Only other thing of note is that bike/frame has had a creak from new that neither I nor the dealer has been able to track down.

After a week or so dealing with Bianchi UK I'm told the frame has headed of to Italy for inspection....

Any ideas what I can expect? A long drawn out process? It is the summer and I could do with the bike back on the rode.


----------



## GKSki (Nov 12, 2014)

Never seen that much damage without a crash. Are you sure you didn't run over something, throwing the object up into your downtube?


----------



## vic bastige (Jan 22, 2004)

I started to deal with my warranty issue here in the USA in November of last year.

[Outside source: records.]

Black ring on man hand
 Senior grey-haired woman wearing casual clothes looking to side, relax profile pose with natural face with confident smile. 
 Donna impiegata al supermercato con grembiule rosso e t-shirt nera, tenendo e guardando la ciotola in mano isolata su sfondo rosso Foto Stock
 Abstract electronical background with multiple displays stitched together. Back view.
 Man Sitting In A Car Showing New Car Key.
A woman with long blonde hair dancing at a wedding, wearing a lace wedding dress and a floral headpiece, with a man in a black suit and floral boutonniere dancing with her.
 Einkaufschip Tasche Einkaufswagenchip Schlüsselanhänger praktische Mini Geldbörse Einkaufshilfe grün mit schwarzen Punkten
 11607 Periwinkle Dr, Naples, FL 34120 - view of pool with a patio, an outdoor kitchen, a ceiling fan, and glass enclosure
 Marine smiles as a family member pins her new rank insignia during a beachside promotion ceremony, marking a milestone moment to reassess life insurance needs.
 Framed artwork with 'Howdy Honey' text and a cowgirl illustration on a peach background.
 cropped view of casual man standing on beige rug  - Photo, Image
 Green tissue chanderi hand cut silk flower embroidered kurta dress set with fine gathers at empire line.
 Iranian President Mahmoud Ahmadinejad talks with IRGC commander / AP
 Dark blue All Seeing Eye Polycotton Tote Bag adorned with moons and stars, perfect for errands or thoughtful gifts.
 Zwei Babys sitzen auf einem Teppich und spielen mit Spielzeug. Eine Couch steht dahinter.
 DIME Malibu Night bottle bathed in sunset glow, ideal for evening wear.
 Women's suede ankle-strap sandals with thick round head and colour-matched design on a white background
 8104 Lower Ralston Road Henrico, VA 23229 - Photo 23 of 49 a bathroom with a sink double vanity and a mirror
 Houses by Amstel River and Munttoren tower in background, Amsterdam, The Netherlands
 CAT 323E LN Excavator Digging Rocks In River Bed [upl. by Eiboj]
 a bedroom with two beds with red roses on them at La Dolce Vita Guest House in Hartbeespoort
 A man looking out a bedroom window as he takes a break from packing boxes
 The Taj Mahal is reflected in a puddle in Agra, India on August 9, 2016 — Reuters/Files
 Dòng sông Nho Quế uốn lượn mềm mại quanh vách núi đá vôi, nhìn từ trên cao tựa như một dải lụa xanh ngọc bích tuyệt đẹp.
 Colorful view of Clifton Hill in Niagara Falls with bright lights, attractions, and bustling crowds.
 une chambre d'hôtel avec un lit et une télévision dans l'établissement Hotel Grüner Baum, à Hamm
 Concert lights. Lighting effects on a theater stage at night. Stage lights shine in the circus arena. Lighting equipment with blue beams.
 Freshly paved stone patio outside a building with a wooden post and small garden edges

Still not back to me yet. Best of luck with yours; my guess is they will claim crash/abuse and offer you a crash replacement price on a new frame. Also, The tube she in your picture does not look like an infinito cv.


----------



## geordiepaul (Jun 12, 2017)

It's definately a CV. The crack is on the seat tube.

I don't remember anything hitting the frame. There is no impact damage, it's a fairly clean crack, no paint chips in the area etc. It's not a place on the frame that would be susceptible to stone strikes. Side of seat tube an inch or two above the front mech.


----------



## vic bastige (Jan 22, 2004)

geordiepaul said:


> It's definately a CV. The crack is on the seat tube.
> 
> I don't remember anything hitting the frame. There is no impact damage, it's a fairly clean crack, no paint chips in the area etc. It's not a place on the frame that would be susceptible to stone strikes. Side of seat tube an inch or two above the front mech.


I can see it now, I was looking at it as if it were the downtime. I sure hope they take care of you and not try to claim a slipped seat-post or something. I also hope they move quickly for you before the August holidays. Good luck and keep us posted.


----------